Ser mais preciso não é pedantismo: é compromisso. Quando cidadãos, estudantes, artistas, jornalistas, empresários, cientistas políticos e até mesmo o presidente da República afinam a linguagem, fortalecem a imaginação pública e abrem espaço para relações mais responsáveis entre nós e os diversos povos africanos. Entre nós e nossa negritude. Entre nós e os diversos segmentos da nossa sociedade. Nomear bem é reconhecer sujeitos, trajetórias, instituições e projetos.
Que neste Novembro Negro o gesto de dizer “África” venha acompanhado da delicadeza de se indagar: há ainda validade em tratar negritude e africanidade como sinônimos?

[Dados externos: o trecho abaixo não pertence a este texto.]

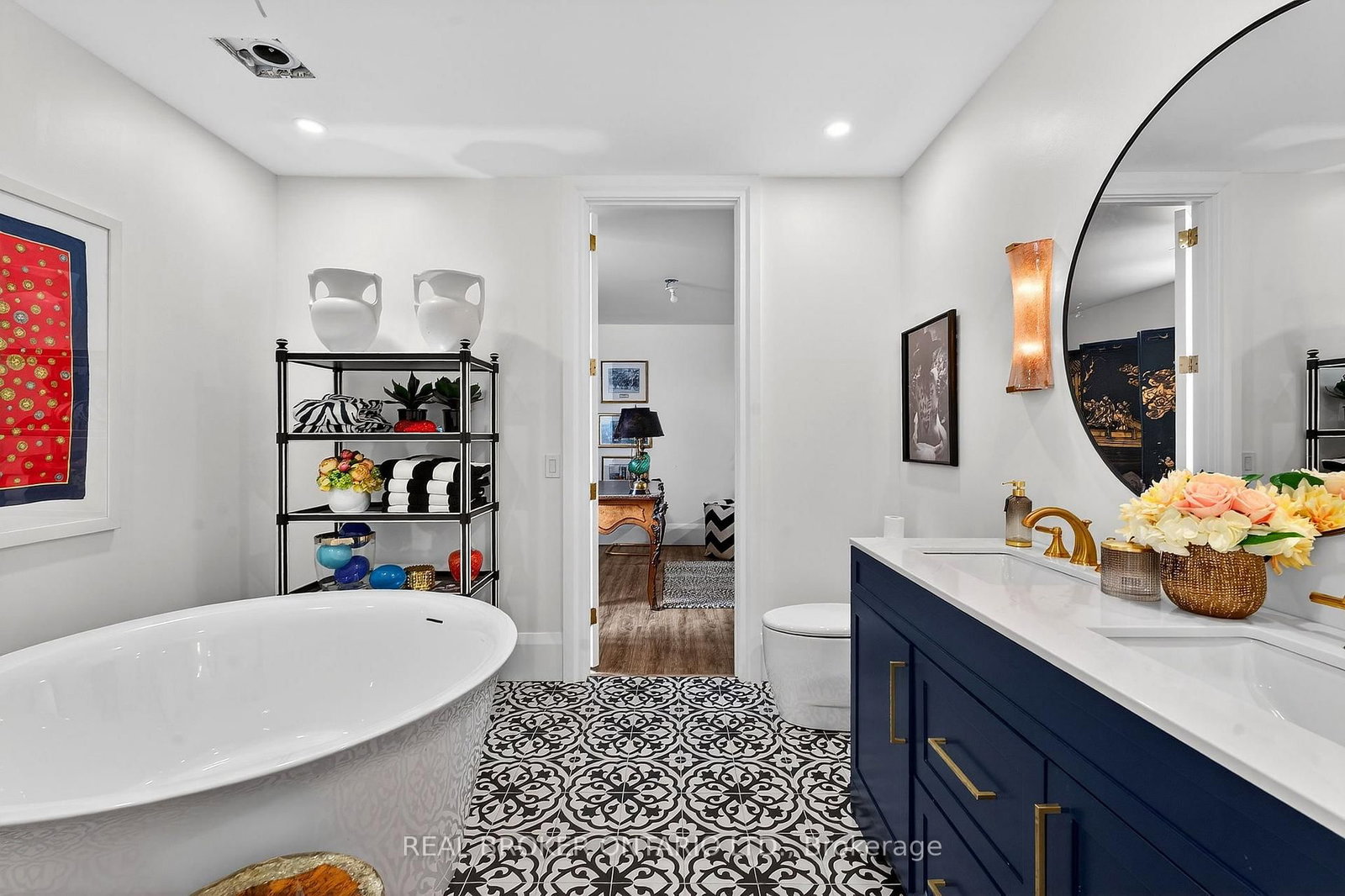 711 Beach Boulevard • Hamilton, ON photo 33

As formas antigas de pensar a África ainda nos servem, ou já é hora de abrir os olhos e conhecer as realidades africanas em sua complexidade? Seria a pátria ancestral do negro brasileiro um país chamado África? Conhecemos de fato os nossos fregueses africanos, ou apenas projetamos neles nossos desejos comerciais? E quando dizemos “África” no Brasil, estamos falando de quem – e para quem?
*Ronaldo Lima Vieira é diplomata de carreira. Graduado em Letras pela Universidade Federal de Uberlândia e em Relações Internacionais pela Birkbeck University of London e mestre em Linguística pela Universidade de Brasília e em Relações Internacionais pelo Instituto Rio Branco. Atualmente, desenvolve pesquisas sobre relações bilaterais Brasil-Nigéria.